Hudak says the coalition leaders hope efforts will increase graduation rates and college and trade school enrollment as well as help students develop those soft skills that are so important to career success.
“There’s definitely a gap in workplace readiness skills, or what we used to call soft skills. That is a consistent concern that I hear no matter where I go in the state,” she says.
“That’s why employer engagement is so important. We want students to have opportunities for job shadowing or internships so they learn about the world of work before they even decide on a career.”
Cosmas Curry, Stroudsburg Area School District superintendent, says he hopes the Pathways Coalition helps students realize the many career possibilities available right in their own backyard.
“We recognize that there’s a portion of our students that leave the county every year after graduation when they go off to college. But there is also a good percentage that may not go off to college, and we want them to realize that they can have a successful career in Monroe County even if they don’t go to a traditional four-year college,” he says.
Building Up STEM
“There are a lot of careers that require technical training, such as computer science and computer programming. We need 1 million programmers in our national workforce right now. That’s where we as educators can assist by putting in our curriculum coding courses and STEM courses,” Curry adds.
The Carbon, Schuylkill and Luzerne STEM Ecosystem is just one example of educators and the business community working together to create STEM learning opportunities for students. The system, organized by Lehigh Carbon Community College, unites schools, industry and economic development organizations to connect students to STEM career paths and arm them with employable skills.

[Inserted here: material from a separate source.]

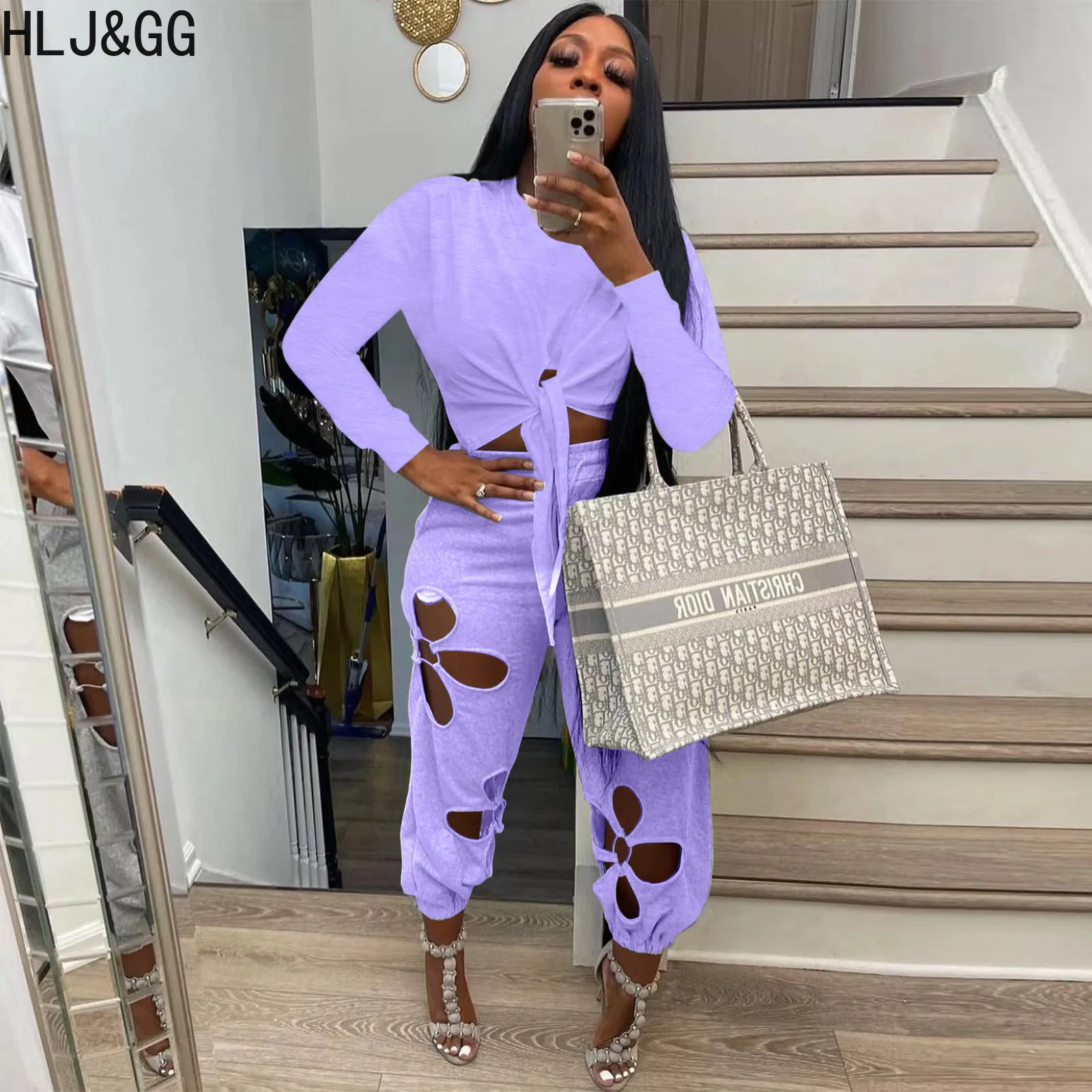 HLJ&GG Casual Hole Jogger Pants Sets Women Round Neck Long Sleeve Pullover+Pants Two Piece Tracksuits Female Sporty 2pcs Outfits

“By that, we mean problem solving, teamwork, collaboration and understanding the design method because so many of those skills are what the businesses and industry in this area say we’re going to need if we’re going to have a strong workforce,” says Jeanne Miller, owner of Miller Educational Services and the CSL Learning Ecosystem lead.
Among the Ecosystem’s key programs are SHINE, a 42-week after-school and summer program that spotlights STEM careers, teacher trainings and educator- in-the-workplace opportunities.
“It’s important that all students possess those STEM skills to be competitive for 21st-century jobs in northeastern Pennsylvania. But that also means that all teachers need the tools and strategies to help equip students with those skills,” Miller says. “We’re also creating a parent toolkit because if we’re going to make a difference in these students, excite them and motivate them, we need parents to understand where the jobs are, what education is needed, what skills are needed and where their kids can go to get those skills.”